Sunday, 28 February 2010

Good looking code

Some programmers have the strange idea that if programming is a science or even a branch of engineering, then there should be no room for aesthetics. In my experience, the best programmers always care about aesthetics: beautiful code is effective, maintainable code. Refactoring code to make it look better removes bugs.

Python...
Like many programmers who have the choice, I chose my main programming language because it feels good. After several years of Perl-ing, Python has been a lovely language to use.

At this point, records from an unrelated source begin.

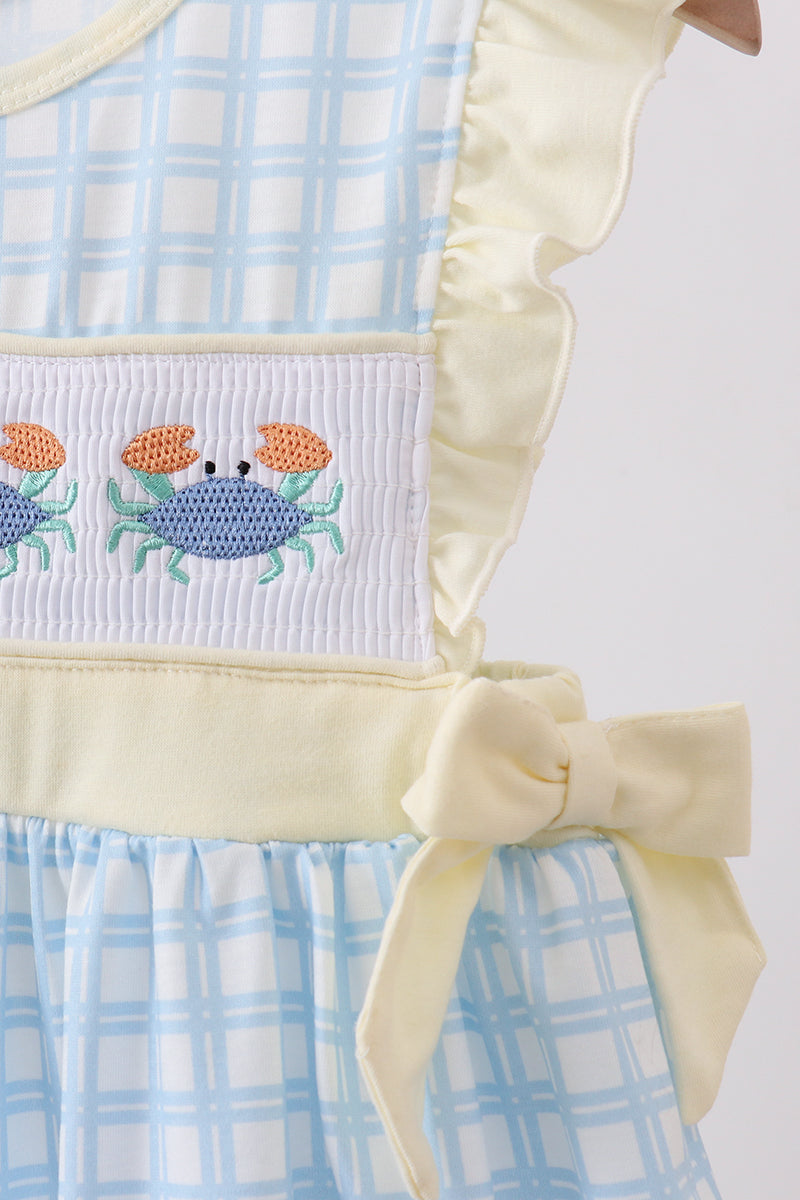Yellow crab smocked gingham ruffle dress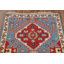 Tapis de couloir bleu en laine 3x8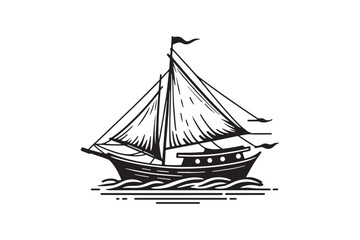 A vector silhouette of a boat.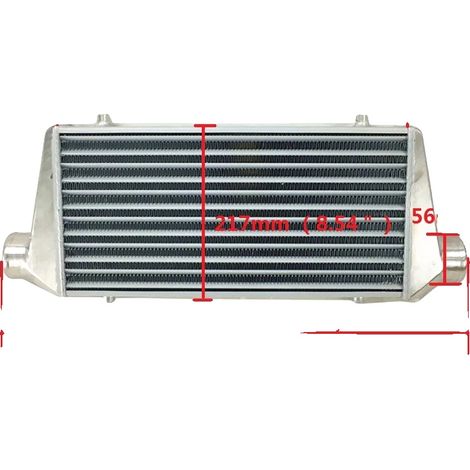 Intercooler turbo, material de aluminio, dimensiones 620 mm x 240 mm x 52 mm, tamaño de entrada 57 mm, tamaño de salida 57 mm, compatibilidad universal. (1/5)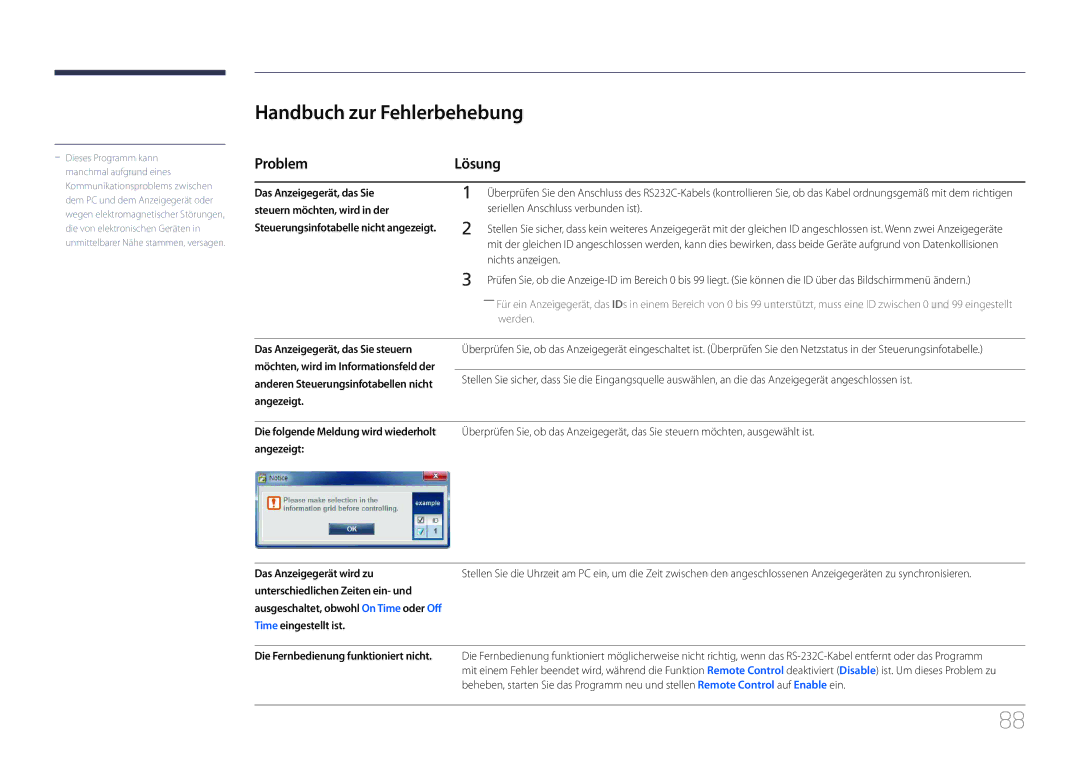 Samsung LH40MDCPLGC/EN, LH55MDCPLGC/EN, LH32MDCPLGC/EN, LH46MDCPLGC/EN manual Handbuch zur Fehlerbehebung, Problem Lösung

One constant surprise, after 20 years of programming, has been the high quality of the design of standard python modules. You can fix the innards of your library but mistakes in the public interface stay forever, unless you are prepared to piss off half your users by breaking their code. The quality of python libraries is a good sign the python community cares, and this is the best reflection of the language itself.

.. vs C++
Lately for performance as well as professional reasons, I have turning back to my first love, c++. Admittedly, c++ syntax appears full of unnecessary warts, ... if you are in the business of inventing a language from scratch. I haven't heard anybody talk about the beauty of the c++ language. Nevertheless, programming intensively in c++ again after a little break has been a forgotten pleasure.

It is a different aesthetic: the hunt for lean mean code, to write logic at a high level which can nevertheless be compiled down to the fastest executable imaginable. I can remember poring over Stephanov's STL in 1996, knowing that this would be game-changer for c++, and being astounded by Veldhuizen's Blitz++. This is the raison d'ĂȘtre of c++.

Back to aesthetics
This has reminded me that each programming community brings its own appreciation of attractive code. Most languages have to start off by attracting a core of enthusiasts, persuading them that programming in XXX is more fun as well as more effective than what they are using now. There is no point in inventing another ugly, painful language, however useful it might be. We have more than enough kludges, thank you very much.

Scala, Clojure and Google Go each has its own aesthetic which is happily defended with much vigour by their inventors and community. The resulting buzz means that they are accordingly much more likely to have significant communities in 10 or 20 years time. Is this where we should be putting our money? Time will tell.